L'enquête Bygmalion, du nom de la société qui organisait ses meetings, porte à l'origine sur un vaste système de fausses factures pour cacher l'explosion du plafond légal des dépenses. Ces fausses factures auraient eu pour objet d'imputer à l'UMP, devenue Les Républicains, quelque 18,5 millions d'euros de dépenses qui auraient dû rentrer dans le compte de campagne. Au final, le Conseil constitutionnel avait quand même rejeté ce compte, pour un dépassement de quelques centaines de milliers d'euros.
Ligne rouge
Plusieurs cadres de Bygmalion, son comptable, ainsi que Jérôme Lavrilleux à l'UMP, ont reconnu l'existence de la fraude aux fausses factures, mais aucun protagoniste n'a mis en cause Nicolas Sarkozy pour l'avoir décidée ou en avoir eu connaissance. "A mon avis, il est impossible qu'il en ait été informé", avait affirmé en garde à vue Jérôme Lavrilleux, ex-bras droit de Jean-François Copé.

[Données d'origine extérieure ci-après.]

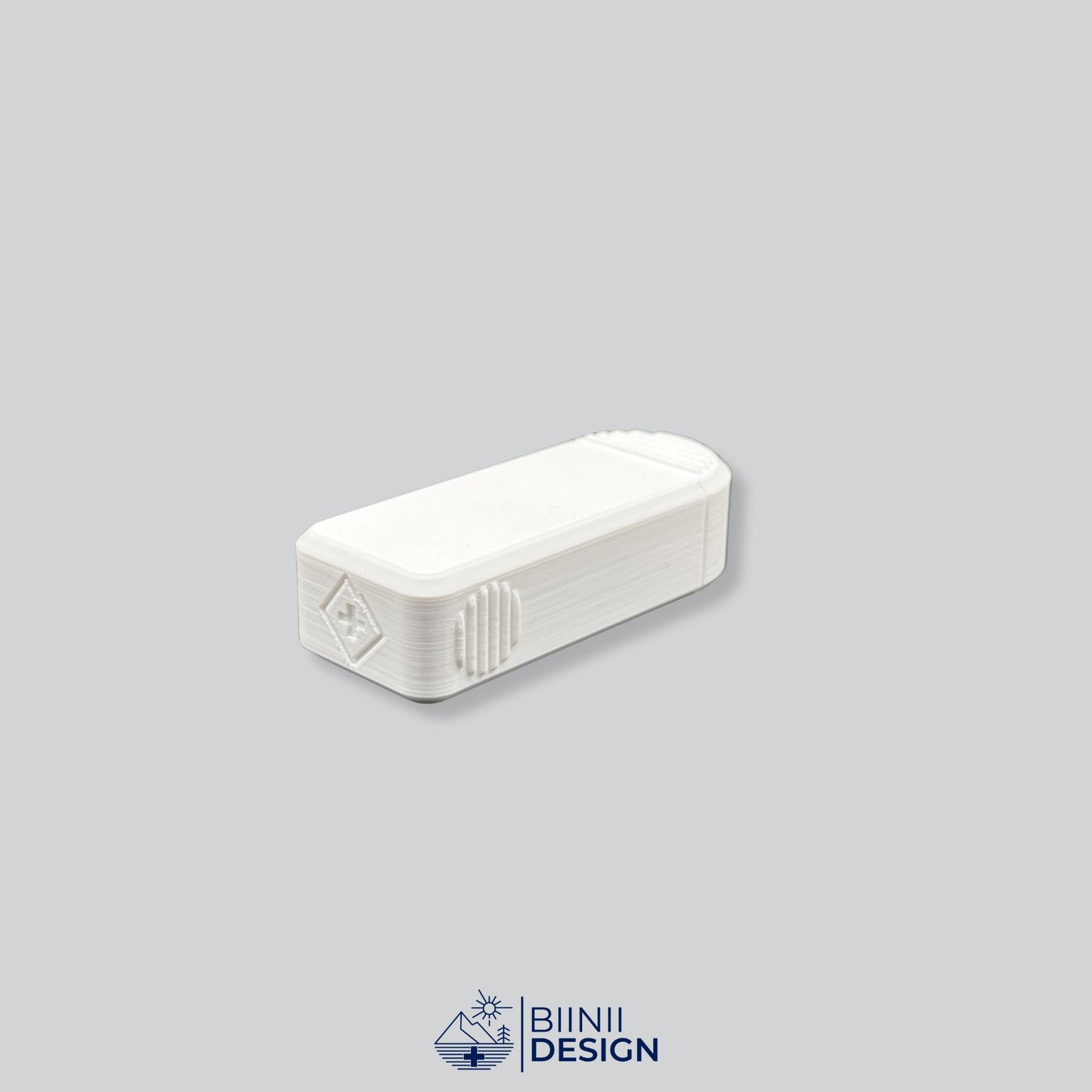 Rear view of the Compact 3-Compartment Pill Case (Monochrome White). Detailed shot showing the discreet Biinii Design logo, Swiss design details, and ergonomic side grooves.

L'enquête montre cependant que Nicolas Sarkozy a demandé et obtenu plus de meetings, vers la mi-mars 2012, alors que le risque de franchir la ligne rouge était connu de l'équipe de campagne.
Les policiers ont retrouvé un courriel du 19 mars dans lequel Eric Cesari, alors directeur général de l'UMP, prend acte auprès du directeur de campagne Guillaume Lambert du "souhait du président de tenir une réunion publique chaque jour à partir de la semaine prochaine".
Or, Guillaume Lambert a déclaré aux policiers avoir informé le président-candidat des "contraintes budgétaires" posées par une note de l'expert-comptable, qui pointait un risque de dépassement du plafond et interdisait toute dépense supplémentaire.
"Une farce"
Entendu par les enquêteurs en septembre, Nicolas Sarkozy a assuré ne pas s'en souvenir et a relativisé le coût des événements ajoutés. Quant à Guillaume Lambert, il a expliqué, sans convaincre les juges, que des négociations sur les tarifs des précédents meetings avaient permis de dégager des marges de manoeuvre.
"L'argument d'une campagne qui dérape est une farce", avait affirmé Nicolas Sarkozy aux enquêteurs. Il a renvoyé la responsabilité des fausses factures sur Bygmalion et l'UMP dirigée alors par Jean-François Copé, placé la semaine dernière sous le statut de témoin assisté.
Mais depuis, l'enquête s'est élargie à des dépenses qui n'ont rien à voir avec la société de communication fondée par des proches de M. Copé. Les juges s'interrogent notamment sur une ligne "présidentielle" dans le budget 2012 du parti, indiquant 13,5 millions d'euros de dépenses engagées, alors que trois millions d'euros seulement ont été communiqués dans le compte de campagne. Trains, salles de meetings, tracts, sondages, les juges ont remonté la trace de nouvelles factures oubliées, qui apparaissent dans les comptes détaillés de l'UMP mais pas dans le compte de campagne.